Erstens. Es wird hier immer auf die Leiharbeiter, auf die Werkverträge abgehoben. Wie viele von den gesamten Arbeitnehmern sind das denn?

(Beate Raudies [SPD]: Zu viele!)

- Wie viele sind das denn?

(Beate Raudies [SPD]: Zu viele! - Wolfgang Baasch [SPD]: Zu viele! - Weiterer Zuruf SPD: Schauen Sie sich das einmal an!)

- Nein, Moment. Drehen Sie die Diskussion nicht um.

(Zurufe Dr. Heiner Dunckel [SPD] und Birte Pauls [SPD])

Wir haben ungefähr 45 Millionen Arbeitnehmer. Davon sind 43,8 Millionen Arbeitnehmer keine Leiharbeitnehmer.

(Unruhe SPD)

Warum ist denn der Rest nicht gewerkschaftlich organisiert? Können Sie mir das beantworten? - Nein, das können Sie mir nicht beantworten.

(Beate Raudies [SPD]: Ach so! Und deswe- gen sind wir schuld oder was? Selber schuld, dass man sich nicht organisiert oder was? - Birte Pauls [SPD]: Typisch FDP! - Zuruf: Warum sind Sie denn nicht in der FDP?)

- Nein, es hat jeder die Freiheit, sich zu koalieren oder es nicht zu tun. Sie können niemanden zwingen, in eine Gewerkschaft einzutreten.

Herr Abgeordneter, gestatten Sie eine Zwischenfrage des Herrn Abgeordneten Wolfgang Baasch?

Herr Kollege, natürlich gibt es individuelle Freiheiten und individuelle Rechte. Die haben Sie ja nun ausgiebig beschrieben. Nun machen Sie mir aber einmal deutlich, wie ein rumänischer Leiharbeiter bei einem fleischverarbeitenden Betrieb in Schleswig-Holstein seine Rechte kennen soll, wenn er nicht einmal eine Beratungsstelle findet, die ihm sagt, welche Rechte er hat. Wie soll er die finden?

(Thomas Hölck)

(Volker Schnurrbusch [AfD]: Es gibt doch eine Beratungsstelle vom Land!)

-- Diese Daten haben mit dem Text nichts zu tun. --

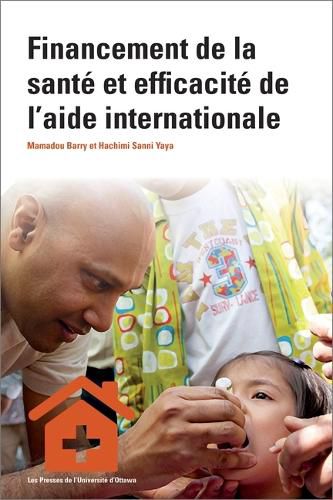 Cover image for Financement de la sante et efficacite de l'aide internationale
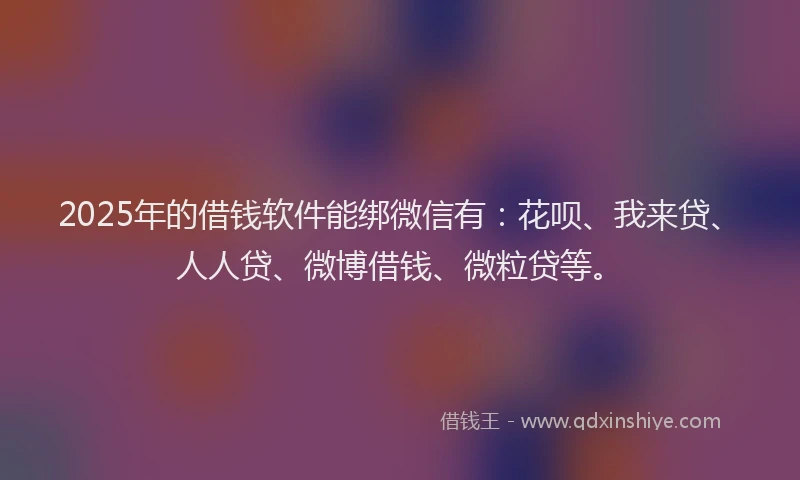 2025年的借钱软件能绑微信有：花呗、我来贷、人人贷、微博借钱、微粒贷等。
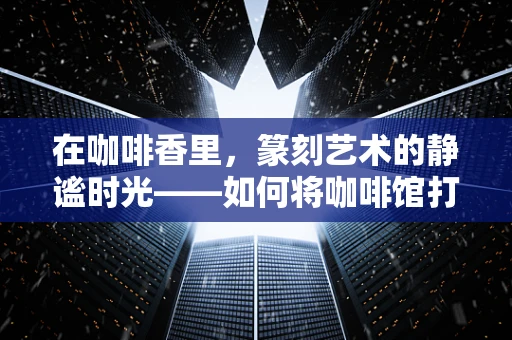 在咖啡香里，篆刻艺术的静谧时光——如何将咖啡馆打造成篆刻爱好者的灵感空间？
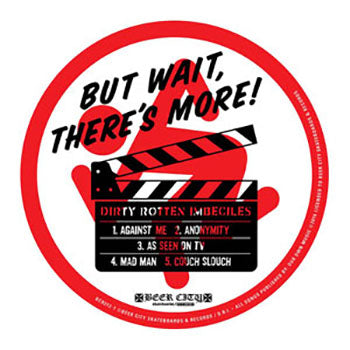 D.R.I. 'BUT WAIT THERE'S MORE' 12" EP (Hand Screened)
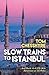 Slow Trains to Istanbul by Tom Chesshyre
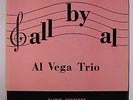 AL VEGA TRIO: All By Al LP (Mono, 'al vega trio' wol, scuffed disc plays well,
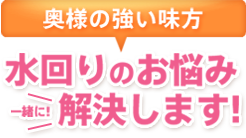 水回りのお悩み、一緒に解決します！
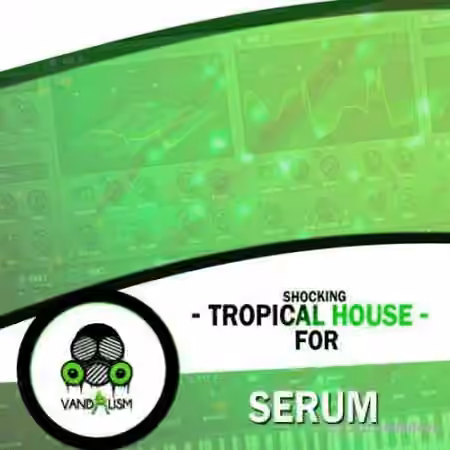 Vandalism Shocking Tropical House For Serum [WAV, MiDi, Synth Presets]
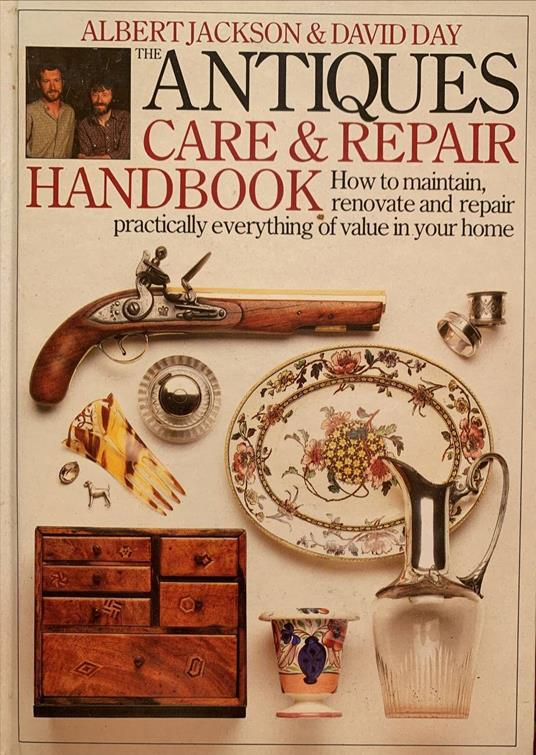 Antiques Care & Repair Handbook - Albert Jackson - copertina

- Wissen Sie, Herr Kollege: Gewerkschaften haben über ihre Mitglieder hinaus die Verpflichtung, zu beraten, und auch die Verpflichtung, die Arbeitnehmerrechte insgesamt wahrzunehmen. Das tun sie auch. Der DGB in dem Bereich Schleswig-Flensburg, Nordfriesland zum Beispiel, in dem ich Verantwortung trage, tut das aktiv und geht auf diese Menschen zu.

(Zuruf SPD: Genau!)

Es gibt auch eine Beratungsorganisation; mobifair heißt die, glaube ich.

(Beate Raudies [SPD]: Faire Mobilität heißt die!)

Die wird auch -

(Zuruf Serpil Midyatli [SPD] - Zuruf SPD: Genau!)

- Ja, stellen Sie sich doch bitte hinten an, und brüllen Sie nicht dazwischen, sonst kann ich Sie nicht verstehen.

(Serpil Midyatli [SPD]: Oh!)

Es ist so, dass die Gewerkschaften diese Verantwortung wahrnehmen und auf die Leute zugehen. Trotzdem: Wenn ein Gewerkschaftsvertreter auf mich zugeht und sagt: „Ich biete dir meine Hilfe an“, muss ich als Individuum entscheiden können, ob ich sie annehme.